All lines in the material below that contain "Shirt" should be located and copied.

» **DATA SHOWN**
○ ○ ○

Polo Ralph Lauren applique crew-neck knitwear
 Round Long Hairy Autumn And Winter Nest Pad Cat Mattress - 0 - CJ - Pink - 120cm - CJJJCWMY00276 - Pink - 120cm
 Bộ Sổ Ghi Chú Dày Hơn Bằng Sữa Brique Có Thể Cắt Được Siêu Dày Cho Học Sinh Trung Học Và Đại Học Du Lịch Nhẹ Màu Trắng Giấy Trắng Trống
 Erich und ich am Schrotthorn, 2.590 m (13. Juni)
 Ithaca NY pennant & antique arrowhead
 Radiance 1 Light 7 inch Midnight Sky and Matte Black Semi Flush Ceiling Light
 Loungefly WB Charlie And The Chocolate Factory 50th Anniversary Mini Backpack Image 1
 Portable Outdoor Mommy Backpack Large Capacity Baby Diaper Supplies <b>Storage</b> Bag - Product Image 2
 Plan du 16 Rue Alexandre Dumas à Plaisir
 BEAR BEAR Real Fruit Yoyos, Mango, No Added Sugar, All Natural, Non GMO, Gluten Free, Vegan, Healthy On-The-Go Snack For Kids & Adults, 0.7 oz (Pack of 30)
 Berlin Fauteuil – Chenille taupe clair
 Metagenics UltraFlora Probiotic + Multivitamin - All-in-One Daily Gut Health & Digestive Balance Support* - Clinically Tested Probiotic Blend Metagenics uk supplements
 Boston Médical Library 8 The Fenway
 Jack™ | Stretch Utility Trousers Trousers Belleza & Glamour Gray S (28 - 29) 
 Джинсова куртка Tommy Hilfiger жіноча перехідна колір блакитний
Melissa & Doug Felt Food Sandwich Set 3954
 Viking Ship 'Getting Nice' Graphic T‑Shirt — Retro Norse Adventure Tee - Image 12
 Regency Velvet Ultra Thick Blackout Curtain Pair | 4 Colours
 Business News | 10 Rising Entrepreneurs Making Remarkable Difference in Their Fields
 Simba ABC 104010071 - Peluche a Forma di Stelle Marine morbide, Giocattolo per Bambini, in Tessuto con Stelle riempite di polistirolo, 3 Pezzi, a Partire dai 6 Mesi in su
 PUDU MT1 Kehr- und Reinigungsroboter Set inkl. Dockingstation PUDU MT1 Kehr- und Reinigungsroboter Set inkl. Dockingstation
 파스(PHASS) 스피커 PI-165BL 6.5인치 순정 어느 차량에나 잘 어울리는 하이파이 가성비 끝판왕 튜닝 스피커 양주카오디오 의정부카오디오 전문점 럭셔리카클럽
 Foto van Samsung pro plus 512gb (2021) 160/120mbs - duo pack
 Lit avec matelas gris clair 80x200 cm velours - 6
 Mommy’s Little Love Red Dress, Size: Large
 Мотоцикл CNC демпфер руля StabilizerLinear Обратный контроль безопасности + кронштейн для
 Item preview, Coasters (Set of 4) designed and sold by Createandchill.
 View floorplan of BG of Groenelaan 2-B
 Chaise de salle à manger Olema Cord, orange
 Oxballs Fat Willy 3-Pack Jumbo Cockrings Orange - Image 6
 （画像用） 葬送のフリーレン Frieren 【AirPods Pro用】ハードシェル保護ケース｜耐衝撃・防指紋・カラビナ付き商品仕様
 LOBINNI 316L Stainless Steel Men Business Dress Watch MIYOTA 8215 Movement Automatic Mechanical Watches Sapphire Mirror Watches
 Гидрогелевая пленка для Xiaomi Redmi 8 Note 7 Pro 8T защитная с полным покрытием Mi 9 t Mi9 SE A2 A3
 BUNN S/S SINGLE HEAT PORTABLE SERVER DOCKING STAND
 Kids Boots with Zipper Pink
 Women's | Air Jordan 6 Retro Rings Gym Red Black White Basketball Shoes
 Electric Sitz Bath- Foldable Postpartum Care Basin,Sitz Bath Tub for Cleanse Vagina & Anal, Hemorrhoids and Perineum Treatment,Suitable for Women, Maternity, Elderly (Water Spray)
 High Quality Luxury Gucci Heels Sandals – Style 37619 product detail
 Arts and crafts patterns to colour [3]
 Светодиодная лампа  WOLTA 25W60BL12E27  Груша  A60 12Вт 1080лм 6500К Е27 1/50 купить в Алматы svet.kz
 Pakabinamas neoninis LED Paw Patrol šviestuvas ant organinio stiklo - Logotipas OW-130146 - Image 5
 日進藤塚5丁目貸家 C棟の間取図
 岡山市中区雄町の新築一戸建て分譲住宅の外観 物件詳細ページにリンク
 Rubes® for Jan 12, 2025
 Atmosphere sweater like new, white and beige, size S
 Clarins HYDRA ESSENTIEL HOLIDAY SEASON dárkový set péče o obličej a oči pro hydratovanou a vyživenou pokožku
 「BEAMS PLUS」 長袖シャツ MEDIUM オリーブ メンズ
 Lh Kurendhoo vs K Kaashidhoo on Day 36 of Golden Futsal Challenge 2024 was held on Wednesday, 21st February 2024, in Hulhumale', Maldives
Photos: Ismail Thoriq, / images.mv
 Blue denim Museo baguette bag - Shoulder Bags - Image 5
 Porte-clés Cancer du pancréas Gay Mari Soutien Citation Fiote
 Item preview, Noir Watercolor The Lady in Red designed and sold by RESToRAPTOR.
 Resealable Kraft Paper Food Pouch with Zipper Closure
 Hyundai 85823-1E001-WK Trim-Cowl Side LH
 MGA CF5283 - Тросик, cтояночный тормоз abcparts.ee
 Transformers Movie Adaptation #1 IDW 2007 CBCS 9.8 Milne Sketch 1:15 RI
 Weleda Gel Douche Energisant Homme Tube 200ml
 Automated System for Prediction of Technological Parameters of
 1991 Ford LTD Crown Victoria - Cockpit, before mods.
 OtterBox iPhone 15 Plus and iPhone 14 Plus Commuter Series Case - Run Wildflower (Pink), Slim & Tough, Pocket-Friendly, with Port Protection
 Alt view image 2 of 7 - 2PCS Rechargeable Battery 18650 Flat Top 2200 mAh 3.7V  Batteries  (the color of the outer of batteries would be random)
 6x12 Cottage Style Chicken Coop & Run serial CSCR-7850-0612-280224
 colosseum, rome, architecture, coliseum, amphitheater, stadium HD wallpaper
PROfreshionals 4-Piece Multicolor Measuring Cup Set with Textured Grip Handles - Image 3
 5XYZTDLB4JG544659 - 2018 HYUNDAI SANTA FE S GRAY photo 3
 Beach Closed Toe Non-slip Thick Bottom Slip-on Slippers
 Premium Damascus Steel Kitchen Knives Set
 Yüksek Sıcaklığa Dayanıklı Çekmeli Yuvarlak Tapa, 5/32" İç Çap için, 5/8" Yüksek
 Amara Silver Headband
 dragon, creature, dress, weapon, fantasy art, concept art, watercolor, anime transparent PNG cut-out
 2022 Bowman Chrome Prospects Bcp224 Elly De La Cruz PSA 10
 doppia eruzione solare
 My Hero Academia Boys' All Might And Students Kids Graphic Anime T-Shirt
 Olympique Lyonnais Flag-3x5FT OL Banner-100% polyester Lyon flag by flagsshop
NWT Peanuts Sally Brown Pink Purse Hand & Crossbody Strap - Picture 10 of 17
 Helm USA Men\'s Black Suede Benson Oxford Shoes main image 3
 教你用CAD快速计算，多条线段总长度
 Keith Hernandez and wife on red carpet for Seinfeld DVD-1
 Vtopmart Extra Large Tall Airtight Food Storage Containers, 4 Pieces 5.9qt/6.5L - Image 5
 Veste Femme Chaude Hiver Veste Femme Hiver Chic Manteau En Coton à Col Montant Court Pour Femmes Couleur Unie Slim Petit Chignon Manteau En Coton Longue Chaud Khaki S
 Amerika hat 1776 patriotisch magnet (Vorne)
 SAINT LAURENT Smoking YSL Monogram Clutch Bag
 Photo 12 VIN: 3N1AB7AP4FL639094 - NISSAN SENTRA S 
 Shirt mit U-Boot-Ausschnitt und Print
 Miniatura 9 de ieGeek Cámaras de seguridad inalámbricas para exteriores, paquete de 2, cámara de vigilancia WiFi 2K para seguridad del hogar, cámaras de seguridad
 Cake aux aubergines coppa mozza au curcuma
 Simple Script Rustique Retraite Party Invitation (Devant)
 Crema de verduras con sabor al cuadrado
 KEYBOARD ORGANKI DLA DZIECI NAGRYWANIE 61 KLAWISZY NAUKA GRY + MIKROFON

○ ○ ○

» **RESPONSE**
 Viking Ship 'Getting Nice' Graphic T‑Shirt — Retro Norse Adventure Tee - Image 12
 My Hero Academia Boys' All Might And Students Kids Graphic Anime T-Shirt
 Shirt mit U-Boot-Ausschnitt und Print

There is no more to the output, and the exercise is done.